マリレのセミロングの髪を撫でながら、唇に痛みを覚えるダマヤ…


☆ ☆ ☆ ☆ ☆


秋葉原に開く"リアルの裂け目"の奥深く。


「虚数世界から、やっとコレだけ拾い集めたわ。何とか再生出来れば良いのだけれど」


不思議な超古代の文字を描き連ねたプヨプヨするモノに球体の装置を転がす紫雪姫(仮)。

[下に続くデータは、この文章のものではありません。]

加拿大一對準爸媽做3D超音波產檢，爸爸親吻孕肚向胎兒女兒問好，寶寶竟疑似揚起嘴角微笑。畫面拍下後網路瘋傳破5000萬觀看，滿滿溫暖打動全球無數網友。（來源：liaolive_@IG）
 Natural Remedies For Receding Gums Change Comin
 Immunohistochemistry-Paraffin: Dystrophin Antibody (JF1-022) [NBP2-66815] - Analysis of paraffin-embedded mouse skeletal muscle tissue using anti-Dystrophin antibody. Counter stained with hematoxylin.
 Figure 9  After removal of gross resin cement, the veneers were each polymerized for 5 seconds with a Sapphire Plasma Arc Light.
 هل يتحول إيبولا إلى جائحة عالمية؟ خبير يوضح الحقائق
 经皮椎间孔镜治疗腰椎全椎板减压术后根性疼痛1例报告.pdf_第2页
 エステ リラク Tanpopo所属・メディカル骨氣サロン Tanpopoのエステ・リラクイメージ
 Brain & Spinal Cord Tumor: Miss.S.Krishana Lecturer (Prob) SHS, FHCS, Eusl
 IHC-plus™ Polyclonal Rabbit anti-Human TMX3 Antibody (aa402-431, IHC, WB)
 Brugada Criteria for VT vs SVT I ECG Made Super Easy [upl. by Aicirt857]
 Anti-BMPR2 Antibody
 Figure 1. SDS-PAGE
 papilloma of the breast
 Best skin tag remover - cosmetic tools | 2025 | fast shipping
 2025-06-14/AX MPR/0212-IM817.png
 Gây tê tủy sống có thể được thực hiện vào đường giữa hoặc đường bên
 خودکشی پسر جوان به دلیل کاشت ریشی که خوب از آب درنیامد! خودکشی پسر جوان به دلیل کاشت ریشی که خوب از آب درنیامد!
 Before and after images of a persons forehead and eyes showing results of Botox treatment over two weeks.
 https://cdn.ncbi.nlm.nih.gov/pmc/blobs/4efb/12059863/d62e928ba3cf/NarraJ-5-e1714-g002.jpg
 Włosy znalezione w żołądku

すると、プヨプヨがサディコの片腕や片脚、上半身や顔の半分と言ったパーツに再生…


「お前をこんなにも傷つけ、虚数世界を彷徨わせるとは…ヲタッカーズは許せない。サディコ、復讐の時が来たわ。目をお醒まし」



おしまい

今回は海外ドラマでよくモチーフになる日本の誇る"画面から這い出る白装束の怨霊"を軸に、怨霊、怨霊の謎の元彼、主人公の元カノ、ヲタッカーズメンバーのTO、巨大メディア企業CEO、アキバ産軍複合体、宇宙系スタートアップCEOなどが登場しました。


海外ドラマで見かけるNYの都市風景を、第2次コロナ宣言下の秋葉原に当てはめて展開しています。


秋葉原を訪れる全ての人類が幸せになりますように。